Une expérience moins heureuse

L’absence de Nick Suzuki et de Sean Monahan permet à Martin St-Louis de tester différentes options au centre, et Rem Pitlick a eu droit à un essai mercredi. Contre des Maple Leafs qui jouaient sans leurs deux premiers centres (John Tavares est blessé et Auston Matthews avait congé), Pitlick évitait les confrontations corsées, mais rien n’y a fait. Le volubile attaquant est nettement plus dans son élément à l’aile qu’au centre. Il a connu une soirée pénible aux mises au jeu, notamment sur une séquence en début de deuxième période où il a perdu trois mises au jeu en zone défensive, coup sur coup, résultats de dégagements refusés du Tricolore. Les Leafs ont failli marquer après une de ces mises au jeu. Pitlick aurait tout intérêt à se montrer apte à jouer au centre, car pour les attaquants au statut un peu plus précaire, la polyvalence est un atout intéressant.

Un espoir emballant

Nick Robertson n’a toujours rien démontré dans la Ligue nationale, mais ses talents de marqueur sont connus-et attendus-depuis longtemps à Toronto. Est-ce que ce sera la saison où il s’établira dans la LNH ? On le saura dans quelques semaines, mais s’il aligne les performances comme celle de mercredi, ses chances sont bonnes. Robertson a été l’attaquant le plus menaçant des Leafs, avec un tir d’une grande qualité et un coup de patin amélioré pour un joueur dont c’était une des faiblesses, plus jeune. Choix de 2tour des Leafs en 2019, Robertson a enchaîné avec une fabuleuse saison de 55 buts en 46 matchs dans la Ligue junior de l’Ontario (OHL), mais la pandémie l’a empêché d’écrire son histoire jusqu’au bout. La saison dernière, avec les Marlies, il a marqué 16 fois en 28 matchs. Le petit frère de Jason Robertson, des Stars, sera à surveiller pour un poste dans le top 9, et l’absence de John Tavares pour les trois prochaines semaines fait en sorte que les prétendants auront davantage de chances de se faire valoir.

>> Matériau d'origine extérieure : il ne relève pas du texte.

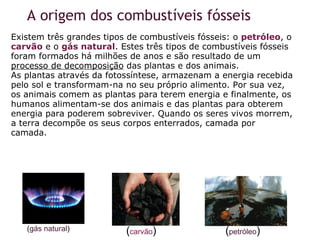     Existem três grandes tipos de combustíveis fósseis: o  petróleo , o  carvão  e o  gás natural . Estes três tipos de combustíveis fósseis foram formados há milhões de anos e são resultado de um  processo de decomposição  das plantas e dos animais. As plantas através da fotossíntese, armazenam a energia recebida pelo sol e transformam-na no seu próprio alimento. Por sua vez, os animais comem as plantas para terem energia e finalmente, os humanos alimentam-se dos animais e das plantas para obterem energia para poderem sobreviver. Quando os seres vivos morrem, a terra decompõe os seus corpos enterrados, camada por camada.  A origem dos combustíveis fósseis ( gás natural ) ( carvão ) ( petróleo ) 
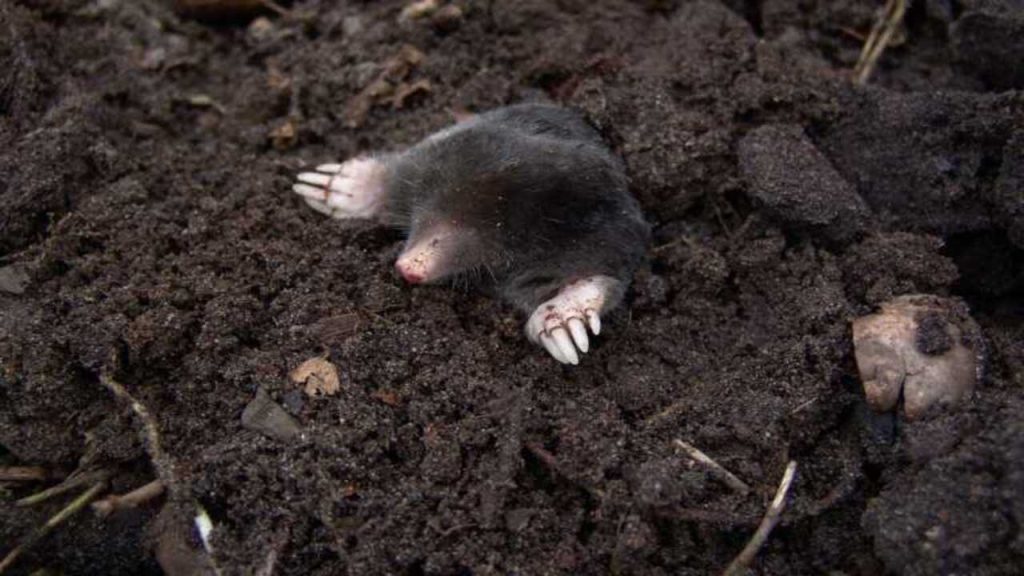 moles eat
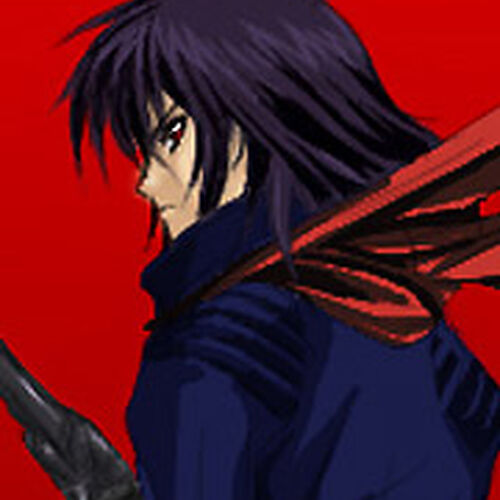 ガンダム SEED DESTINY ぬいぐるみ シン レイ ステラ デストロイ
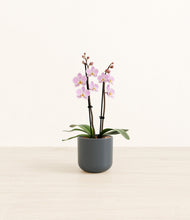 Load image into Gallery viewer, Iron Gray*****Profile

Patinez-vous de reculons ?

Situation incongrue chez les Leafs. Le défenseur Jordie Benn a abdiqué après trois présences en première période, avant d’être imité par Carl Dahlström en début de période. Les Torontois ont donc dû terminer le match avec quatre défenseurs naturels, ce qui a forcé des attaquants, notamment l’ancien des Predators Calle Järnkrok, à effectuer quelques présences à la ligne bleue. S’ils devaient s’absenter à moyen terme, leur perte s’ajouterait à celle de Timothy Liljegren (blessé). S’il y en a un qui doit se frotter les mains en poussant un rire machiavélique, c’est l’agent de Rasmus Sandin, joueur autonome avec compensation qui ne s’est toujours pas entendu avec les Leafs pour la saison à venir…

Ils ont dit

En première période, on a bien commencé, mais on a pris deux punitions, ç’a enlevé le momentum. Je n’ai pas haï notre deuxième, mais on n’a pas exécuté. La troisième, je l’ai bien aimée.

Martin St-Louis

On a intégré différents concepts à chaque match. C’est beaucoup pour les jeunes ou les nouveaux à absorber. On veut pas les submerger, on veut les coacher. Si t’attends une compréhension et une exécution immédiates, tu ne comprends pas ce qu’est l’enseignement.

Martin St-Louis

Je serais gardien si on me le demandait ! J’essaie d’être le plus polyvalent possible pour l’équipe, donc si ça implique de jouer à gauche ou à droite, je vais le faire.

Jordan Harris

On a joué assez bien, mais il y a eu des erreurs individuelles, ils ont eu des avantages numériques et ils en ont profité.